-- DATA PROVIDED follows --
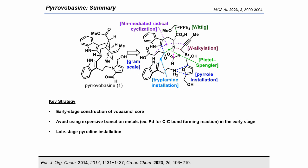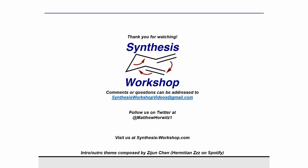This gram-scale total synthesis was enabled by user-friendly reactions and strategies. In the early stage, we focused on short and scalable synthesis of the voabacinol core without using rare metals such as palladium. In the late stage, we developed an efficient bio-inspired method for introducing tryptamine with a pyrrolein structure — relatively rare in natural products — achieving the first total synthesis with gram-scale supply of pyrovobacine. This methodology is anticipated to be useful for future SAR studies. Thank you for your interesting talk, and thanks to our listeners for tuning in to this episode of Synthesis Workshop.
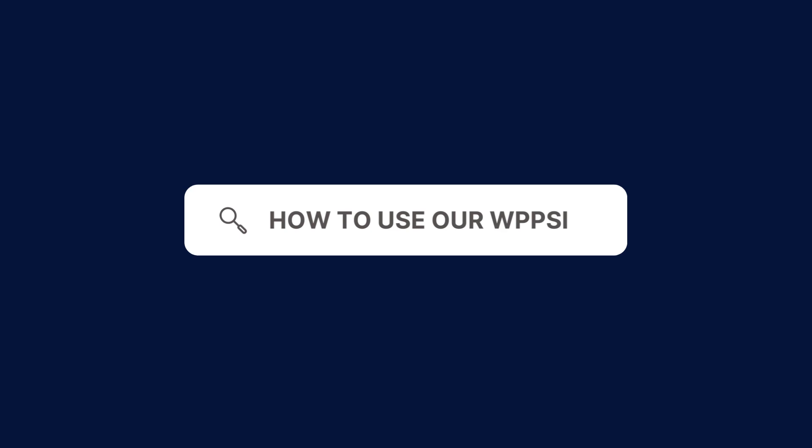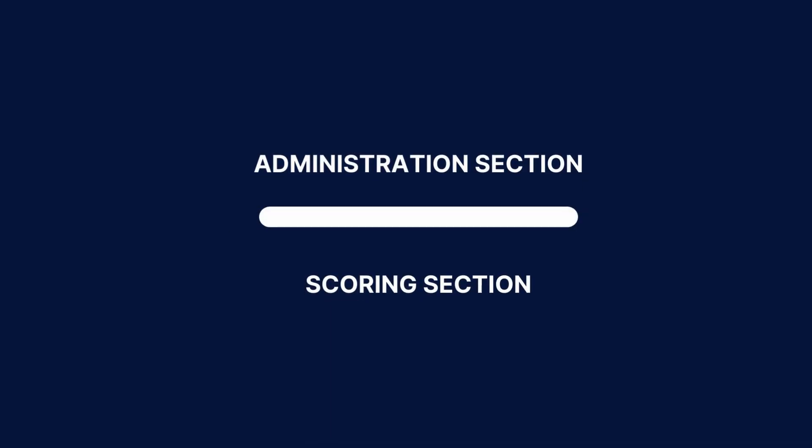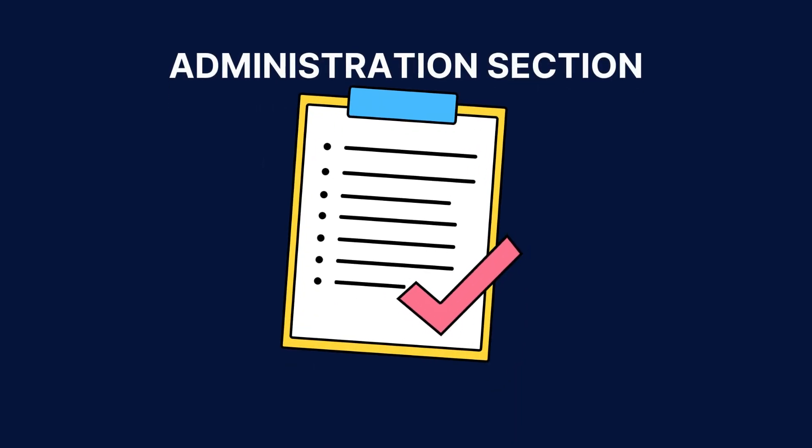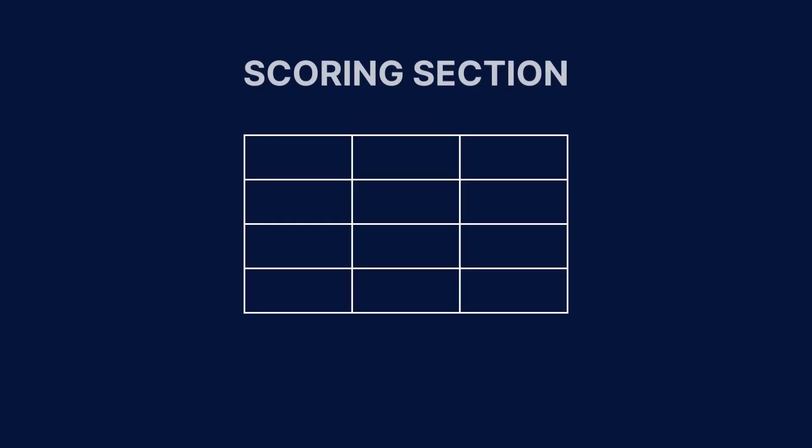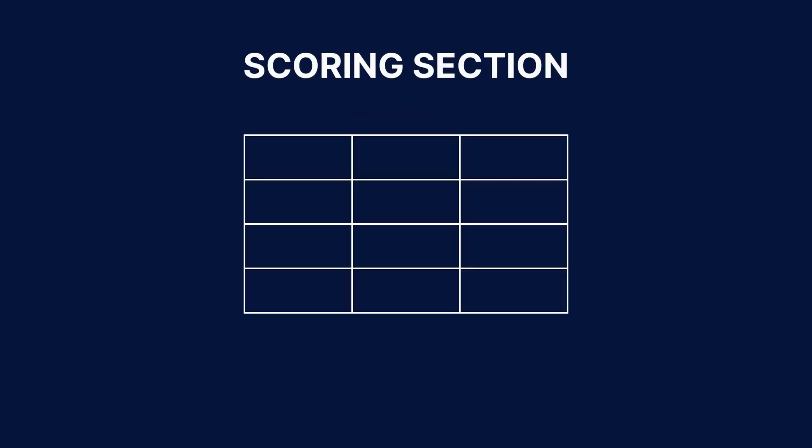To use our WPPSI, follow these steps. Download our WPPSI from the CarePatron platform, which you can find in the link in the description. The form is divided into two sections: the administration and scoring sections. The administration section contains instructions for administering each of the WPPSI subtests, while the scoring section contains tables and graphs for scoring each subtest, with clear instructions for each item.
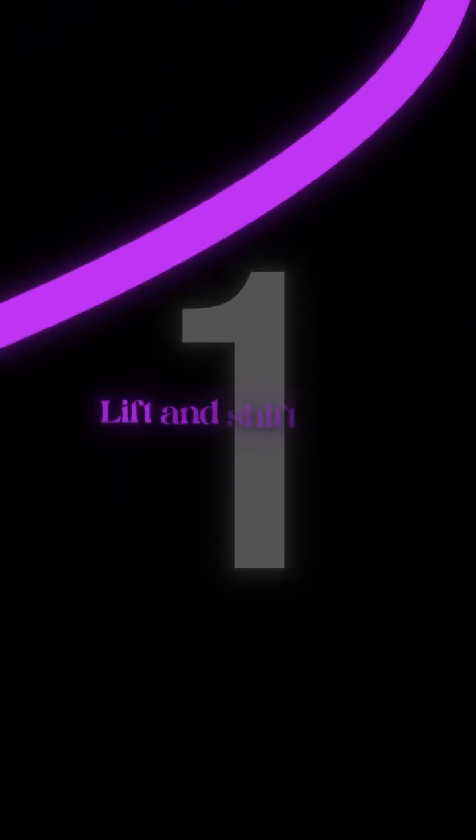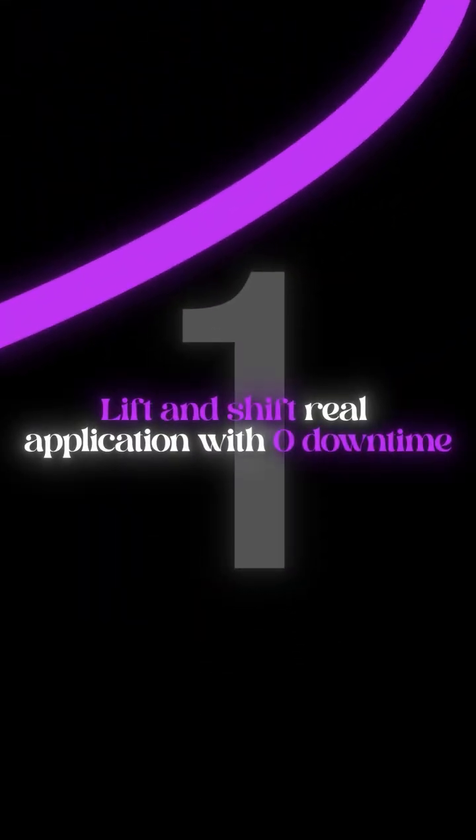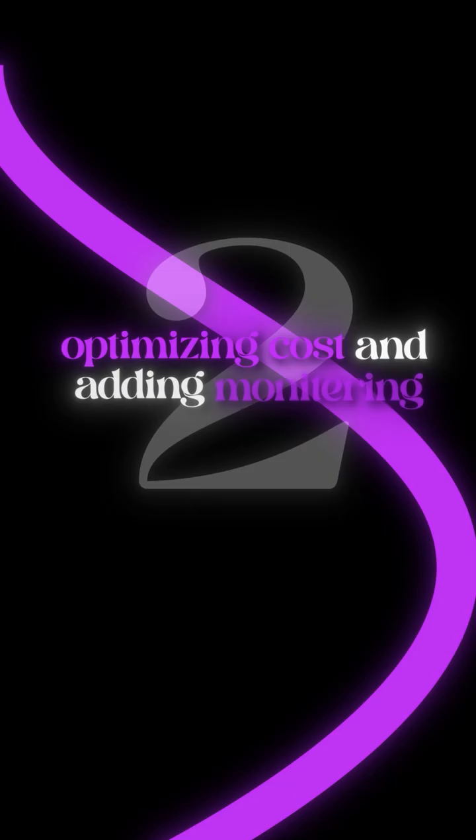Week one, you want to go ahead and lift and shift a real application with zero downtime. Week two is all about optimizing costs and adding monitoring.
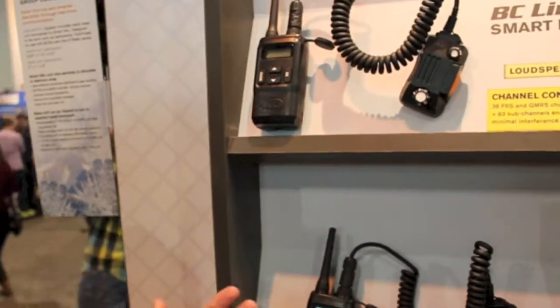So the new frontier of snow safety is the human factor in group communications — that's the act of avoiding getting caught in the first place. The BC Link is designed specifically for backcountry skiers, backcountry riders, and to facilitate group communication.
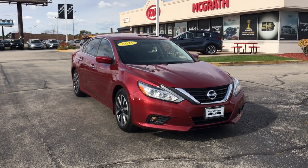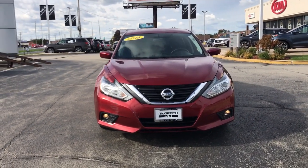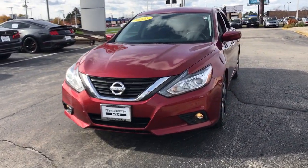You will love the features of this 2016 Nissan Altima. This vehicle still has fewer than 50,000 miles on the clock, so it won't last long.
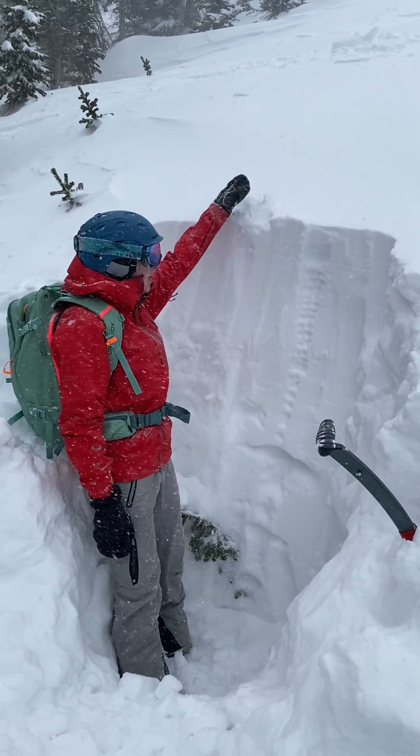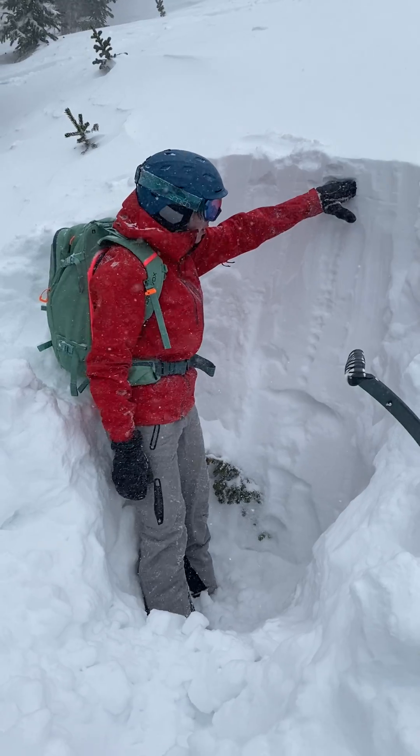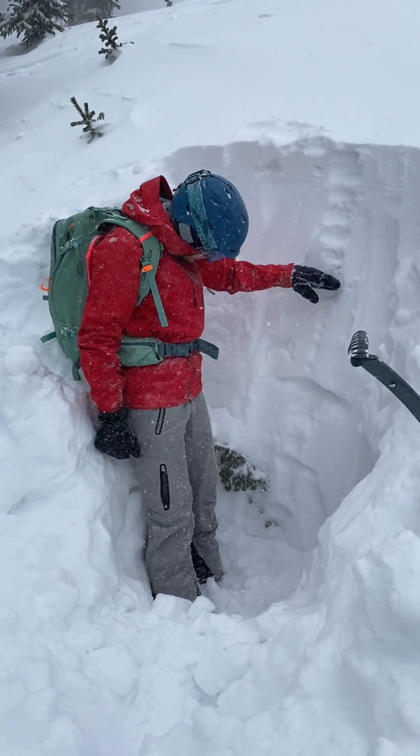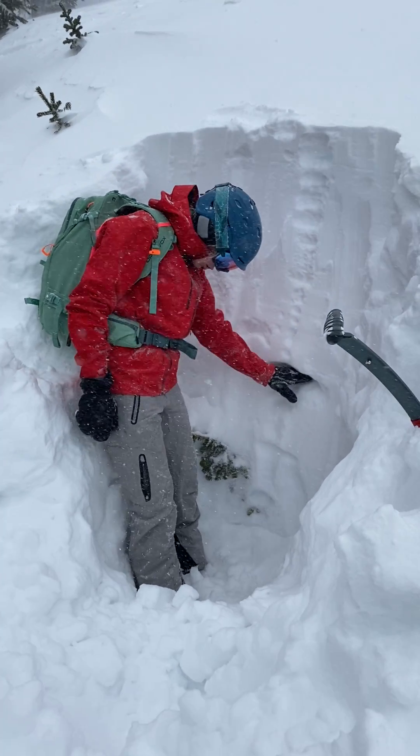The top here is pretty nice, fluffy snow, and then as we get in here, this is pretty soft, and then it immediately starts hardening up down to here. Then we get our first sugary layer here that is just super sugary faceted snow, and then there's another firmer layer here.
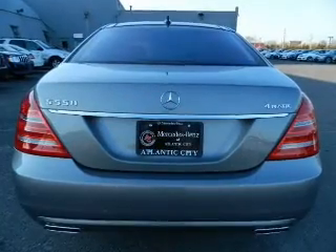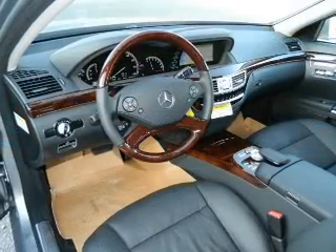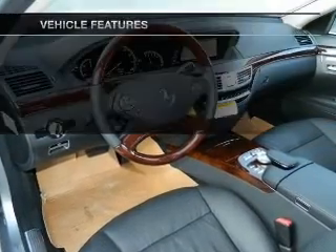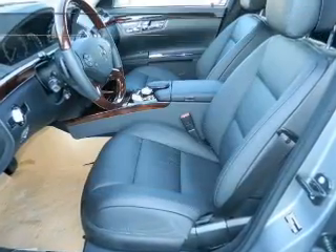Anti-lock brakes help you bring your vehicle to a safe stop. There's nothing like a sunroof on a nice day. Memory settings are just one of the extras. And with these notable features, you won't want to miss out on the opportunity to own this amazing ride.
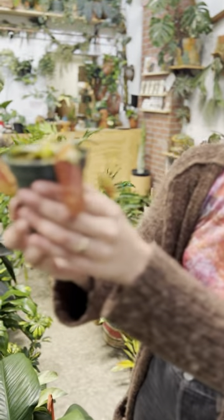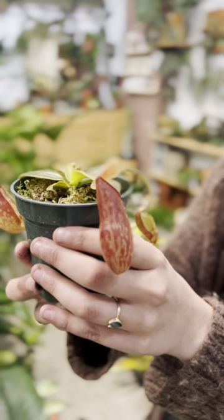These are called Nepenthes. This is Nepenthes gea. We have a bunch of other ones.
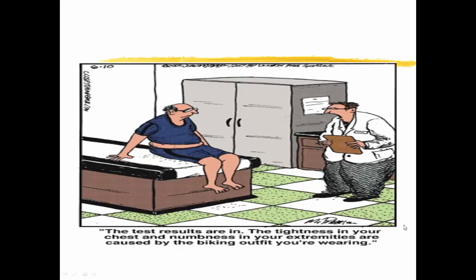We then ended with a funny cartoon found on the internet. Thank you.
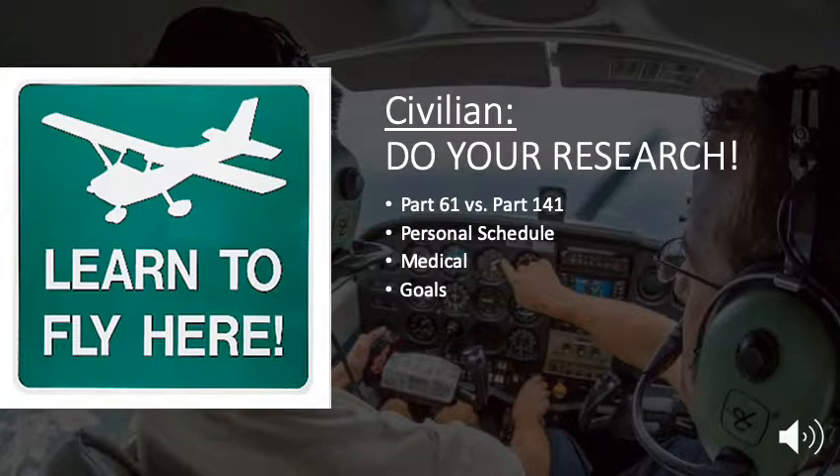Next, you need to get a medical. I suggest getting a first class medical only because you'd rather find out sooner than later if there's something that would prohibit you from getting one, which is mandatory to fly for the regional and major airlines. Last, set goals — say in six months I'm going to be here, in 12 months I'm going to be there, and in two, three, and four years this is my ultimate goal. This is what is going to get you from point A all the way to the regional and major airlines.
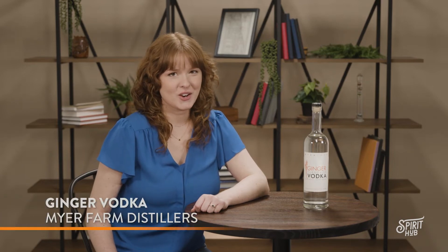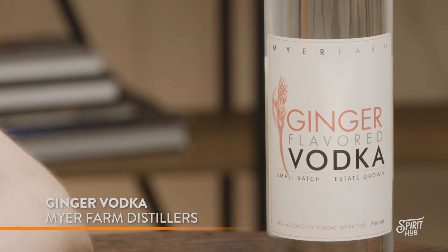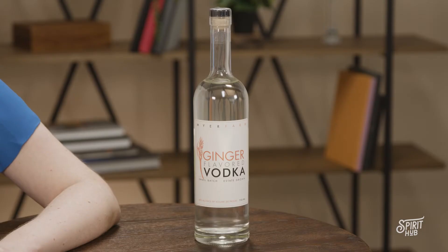For cocktails with gusto, this is Meyer Farm Distiller's Ginger Vodka. Meyer Farm adds some zest to their award-winning vodka with an infusion of fresh ginger root. The creamy craft vodka has bright flashes of ginger, fragrant lemongrass, and a subtle hot pepper finish.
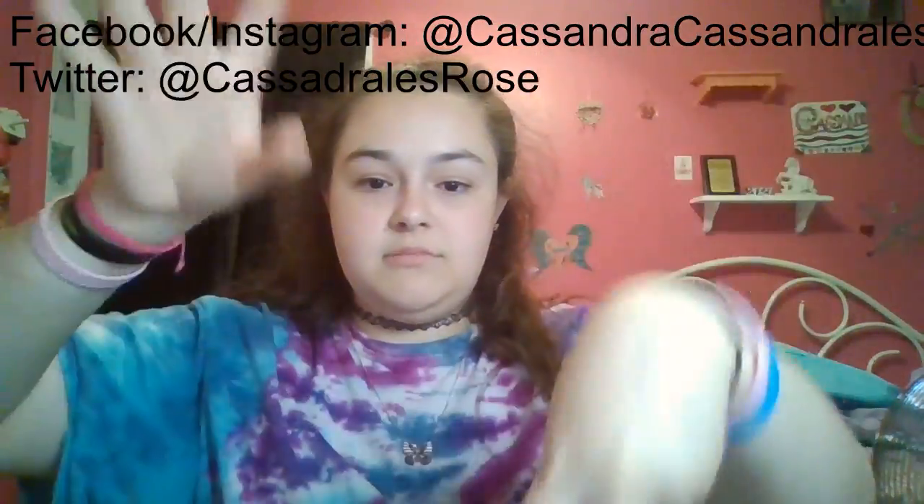Thank you for watching today's video. As you know, I'm Cassandra Rose. Please like and subscribe if you would love to see more of my content. I will put my social media links here — I was stupid and didn't put them in my outro like I did on my older videos. You can always go to my older videos and find my old outro. I have Facebook, Instagram, and Twitter. They are also down in the description below. Thank you for watching today's video, and please let me know if there's anything else you would love to see. Again, thank you for watching, and I will see you in the next one. Bye!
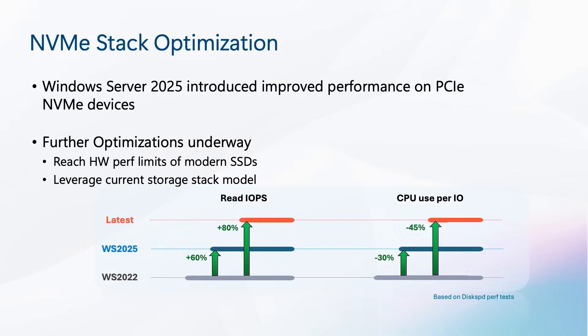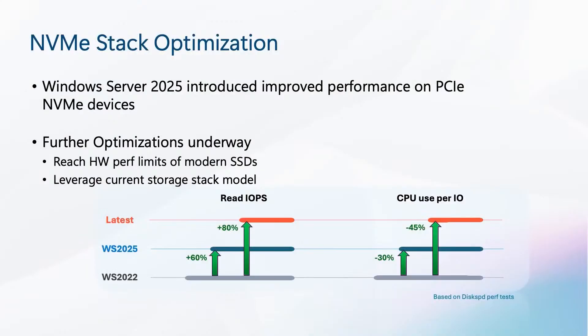Now let's talk a little bit more about those stack optimizations. Last year, we launched Windows Server 2025, available around November, and it included some optimizations that delivered improved performance on NVMe devices. But we didn't stop there. We continued to optimize the storage stack by incorporating a multi-queue architecture within the current storage stack model itself. This enables high levels of parallelization and efficiency for NVMe IOs, and allows Windows Server to reach the hardware performance limits of these modern SSDs. On this slide, you will see a clear representation of significantly higher IOPS as well as reduced CPU usage per IO compared to Windows Server 2022.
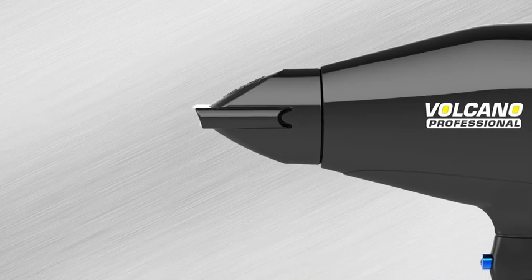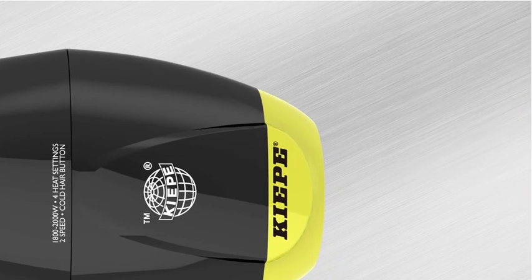The new heat generation dual safety technology protects the hair and allows for an even faster drying speed.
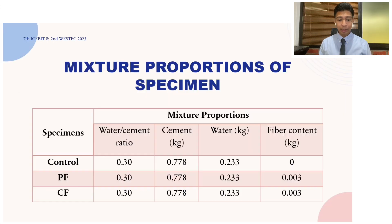Here is a glimpse of the mix design used. There are three different specimens: first is the control, where we don't have any fiber in the mix; second, we have PF — polypropylene fiber reinforced cement; and then we have CF — carbon fiber reinforced cement paste. We also maintained a fixed water-to-cement ratio, which was crucial in our experiment.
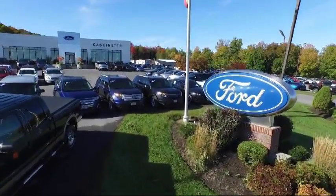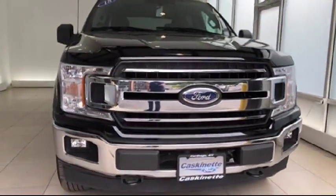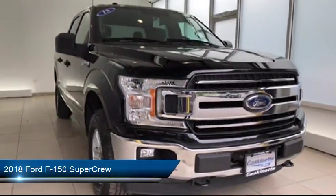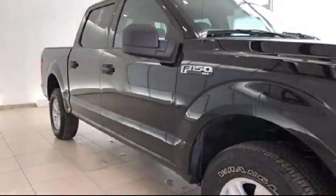Welcome to Cascanet Ford, and here's a look at another one of our great vehicles from our extensive inventory. It comes equipped with air conditioning, traction control, side airbags, anti-lock braking, telescoping steering wheel, tilt steering wheel, and has less than 15,000 miles on the odometer.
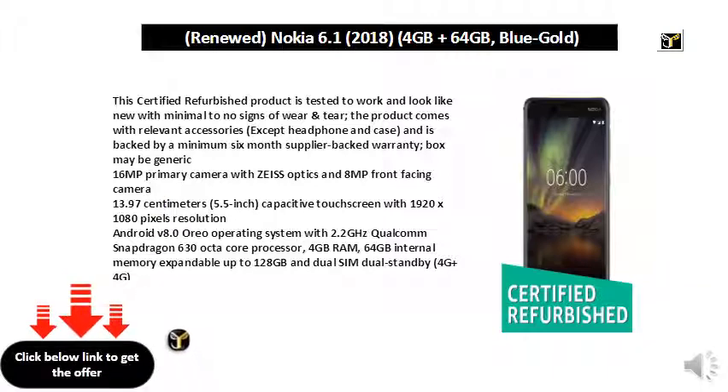16MP primary camera with Zeiss optics and 8MP front-facing camera. 13.97 centimeter 5.5-inch capacitive touchscreen with 1920x1080 pixels resolution. Android V8.0 operating system with 2.2GHz Qualcomm Snapdragon 630 octa-core processor, 4GB RAM, 64GB internal memory expandable up to 128GB, dual-SIM dual-standby 4G plus 4G, and a 3000mAh lithium-ion battery.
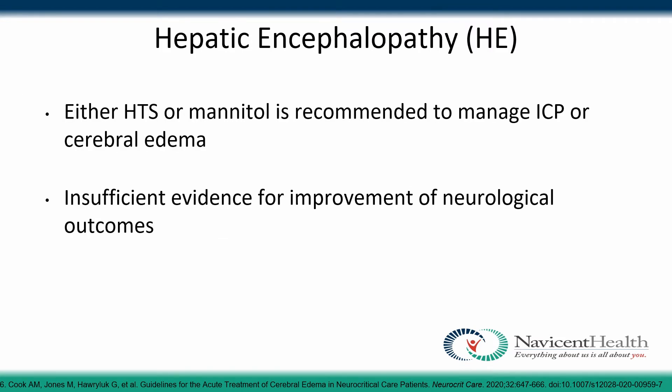For hepatic encephalopathy, either hypertonic saline or mannitol may be recommended in managing intracranial pressure or cerebral edema. However, due to insufficient evidence, it is hard to determine which agent to use over the other.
-- DATA PROVIDED concluded --
• [TASK DETAILS] The copy must begin with the line containing "16MP primary camera", end with the last line of the material, match each line exactly, and hold no pictures.

• [TASK RESPONSE]
16MP primary camera with Zeiss optics and 8MP front-facing camera. 13.97 centimeter 5.5-inch capacitive touchscreen with 1920x1080 pixels resolution. Android V8.0 operating system with 2.2GHz Qualcomm Snapdragon 630 octa-core processor, 4GB RAM, 64GB internal memory expandable up to 128GB, dual-SIM dual-standby 4G plus 4G, and a 3000mAh lithium-ion battery.
For hepatic encephalopathy, either hypertonic saline or mannitol may be recommended in managing intracranial pressure or cerebral edema. However, due to insufficient evidence, it is hard to determine which agent to use over the other.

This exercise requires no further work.